The Vostok core was drilled in East Antarctica, at the Soviet station Vostok from an altitude of 3488 m, and has a total length of 2083 m. Ice samples have been analyzed with respect to isotopic content in 2H, dust, and methane and carbon dioxide trapped in air bubbles. The profiles of 2H, methane, and carbon dioxide concentrations behave in a similar way with respect to depth in the core, showing a short interglacial stage, the Holocene, at the top, a long glacial stage below, and the last interglacial stage near the bottom of the core. The record goes back in time about 160,000 years.

For more information on these topics, read the through this lab on the University of Michigan website: http://www.globalchange.umich.edu/gctext/Inquiries/Inquiries_by_Unit/Unit_8a.htm.

Remember that this is just another resource- the questions asked there are not the same as what we are asking you!

II. Lab Instructions

A. Gas Age vs. Ice Age

Age is calculated in two different ways within an ice core. The ice age is calculated from an analysis of annual layers in the top part of the core, and using an ice flow model for the bottom part. The gas age data accounts for the fact that gas is only trapped in the ice at a depth well below the surface where the pores close up.

Task 1: Transfer the Vostok ice core data to Excel, and save it as an Excel workbook. Plot both the ice age and the gas age as a function of depth on the same graph. Describe the graph and answer the following questions:What are the units of both age scales?

· What are the depths of the shallowest and deepest data points? For the rest of the lab, assume that the most shallow ice core measurements represent the environmental conditions in the 18th century before the Industrial Revolution.

· Does age increase or decrease down the core? Why?

· Why do the two age curves differ?

· How much younger is a bubble of gas than the ice that surrounds it, at a depth of 250 meters?

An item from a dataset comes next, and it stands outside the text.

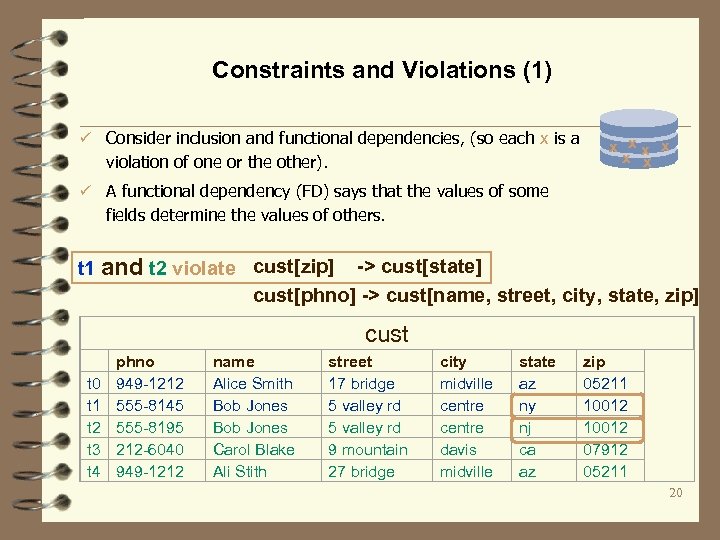 Tdd Topics In Distributed Databases Data Cleaning U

· Is the thickness of an annual layer of ice smallest at the top or bottom of the core? Why?

· Note that if you look carefully at the plot you can see that the curve changes slope between the top and the bottom of the core. Why do you think that this happens?

B. δD as a proxy for temperature

Task 2: Next you will calculate the temperature based on the isotopic composition of the ice. Insert a blank column into the table to the right of the delta-deuterium column (δD). Isotopic ratios are used to model temperature. Calculate the temperature at Vostok based on the following formula describing the empirical relationship between temperature and deuterium concentration:

Temperature (deg-C) = -55.5 + (δD + 440) / 6

*Be sure to save your work!*

Now plot your calculated temperature vs. ice age. How reliable do you consider this paleoclimate record to be? (Hint: think about some of the uncertainties in the age models and compare the age of the Last Glacial Maximum (LGM) to what scientists consider the age to be today.) How long ago did the maximum temperature occur? How long ago did the minimum temperature occur? How do these temperature compare to the current temperature at current average Vostok temperature?

C. CO2, CH4, and Dust

Task 3: Plot CO2 as a function of gas age. How closely does the plot of CO2 resemble that of temperature? Now plot CO2 against temperature. Add a trendline and record the R2 value. Based on your work in previous labs, do you think this correlation is significant?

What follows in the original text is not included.